Hi, Martin!
1.1) Depth Pro - performs processing in 0.3 seconds on a Tesla V100 with 32 GB VRAM, and we're only talking about 2.25 megapixels here.
1.2) Metashape supports many video cards from different vendors (including those that do not support CUDA, including those with quite little VRAM), to process even large 100+ megapixel images as fast as possible, etc.
2.1) Such methods are well suited for VFX (bokeh effect, etc.), but poorly suited for photogrammetric tasks, that's why there are no measurements of accuracy in real units of measurement (centimeters/millimeters) in the article, besides such neural networks will not be able to solve the problem in unfamiliar conditions (for example, when shooting in a well, if there were no such frames in the training dataset).
2.2) Metashape relies on the laws of optics and geometry, which are universal and reliable in any environment (even underwater), have a certain predictability in accuracy and therefore allow the use of photogrammetry for construction/measurement tasks.
Indeed, ideas from such methods can be used, for example, to try to improve a depth map constructed by photogrammetric methods - by patching holes in it.
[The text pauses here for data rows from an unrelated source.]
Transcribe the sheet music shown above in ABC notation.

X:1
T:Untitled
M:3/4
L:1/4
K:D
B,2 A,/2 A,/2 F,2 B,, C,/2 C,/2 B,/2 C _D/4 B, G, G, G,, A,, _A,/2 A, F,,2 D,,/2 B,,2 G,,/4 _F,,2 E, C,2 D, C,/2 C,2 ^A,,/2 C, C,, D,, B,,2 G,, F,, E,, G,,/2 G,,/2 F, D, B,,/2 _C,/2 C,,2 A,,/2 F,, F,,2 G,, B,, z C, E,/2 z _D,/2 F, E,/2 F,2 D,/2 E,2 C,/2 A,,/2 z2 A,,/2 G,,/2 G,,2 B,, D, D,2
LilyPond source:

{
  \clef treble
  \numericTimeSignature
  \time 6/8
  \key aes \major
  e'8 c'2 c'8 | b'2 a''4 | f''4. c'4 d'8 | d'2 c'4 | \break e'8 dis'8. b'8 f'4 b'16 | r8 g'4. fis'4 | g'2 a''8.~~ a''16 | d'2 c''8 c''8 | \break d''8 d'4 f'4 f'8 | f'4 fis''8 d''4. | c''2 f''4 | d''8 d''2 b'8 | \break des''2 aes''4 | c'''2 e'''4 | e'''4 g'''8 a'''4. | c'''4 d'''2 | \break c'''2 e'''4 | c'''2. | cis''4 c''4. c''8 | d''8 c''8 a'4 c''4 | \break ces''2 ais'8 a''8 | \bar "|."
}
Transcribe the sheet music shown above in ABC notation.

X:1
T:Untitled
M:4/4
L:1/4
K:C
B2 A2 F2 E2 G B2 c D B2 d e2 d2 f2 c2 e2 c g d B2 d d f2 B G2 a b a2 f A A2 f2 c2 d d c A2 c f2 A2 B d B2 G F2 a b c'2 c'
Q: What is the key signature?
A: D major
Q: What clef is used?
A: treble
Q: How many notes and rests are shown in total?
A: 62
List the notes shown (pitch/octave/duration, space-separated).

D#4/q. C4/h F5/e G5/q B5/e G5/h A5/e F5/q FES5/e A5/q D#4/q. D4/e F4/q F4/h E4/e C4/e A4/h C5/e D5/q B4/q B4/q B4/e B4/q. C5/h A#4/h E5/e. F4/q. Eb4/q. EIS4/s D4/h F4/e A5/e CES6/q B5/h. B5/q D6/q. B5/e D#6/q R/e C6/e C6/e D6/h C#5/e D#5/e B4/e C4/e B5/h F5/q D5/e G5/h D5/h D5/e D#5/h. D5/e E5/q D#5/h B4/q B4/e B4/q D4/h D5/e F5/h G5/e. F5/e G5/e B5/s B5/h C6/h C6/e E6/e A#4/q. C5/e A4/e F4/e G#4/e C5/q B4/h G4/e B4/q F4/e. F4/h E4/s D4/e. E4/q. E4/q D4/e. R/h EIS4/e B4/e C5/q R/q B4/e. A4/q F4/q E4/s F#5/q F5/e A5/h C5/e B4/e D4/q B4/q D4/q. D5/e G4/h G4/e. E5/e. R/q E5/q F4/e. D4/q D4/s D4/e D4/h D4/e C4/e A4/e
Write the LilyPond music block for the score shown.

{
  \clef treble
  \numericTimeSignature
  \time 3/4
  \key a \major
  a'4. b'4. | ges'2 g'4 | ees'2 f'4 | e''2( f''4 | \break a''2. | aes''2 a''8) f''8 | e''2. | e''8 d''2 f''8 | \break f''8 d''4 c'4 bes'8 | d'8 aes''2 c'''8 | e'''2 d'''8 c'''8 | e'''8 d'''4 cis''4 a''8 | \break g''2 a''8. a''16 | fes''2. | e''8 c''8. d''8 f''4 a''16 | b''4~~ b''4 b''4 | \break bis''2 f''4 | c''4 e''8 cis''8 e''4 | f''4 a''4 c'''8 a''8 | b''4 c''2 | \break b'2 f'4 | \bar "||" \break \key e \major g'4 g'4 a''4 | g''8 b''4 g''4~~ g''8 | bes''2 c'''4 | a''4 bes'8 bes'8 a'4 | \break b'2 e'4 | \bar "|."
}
But this requires a lot of work to bring an academic idea to a reliable industrial application, will slowdown processing a lot and have other problems. In particular, there is a risk that such a method will often spoil the depth map - by patching holes that are actually holes (as a mental experiment - for example, imagine a lattice in a window, and through the hole of this lattice you can see a perfectly clear sky - what is it? a hole in the lattice, or a white sheet of paper in the lattice?).
If you are talking about building depth maps from single frame (i.e. without taking parallax into account), then this is a task that should rather be solved in VFX programs for creating effects in video, while Metashape is focused on photogrammetry tasks.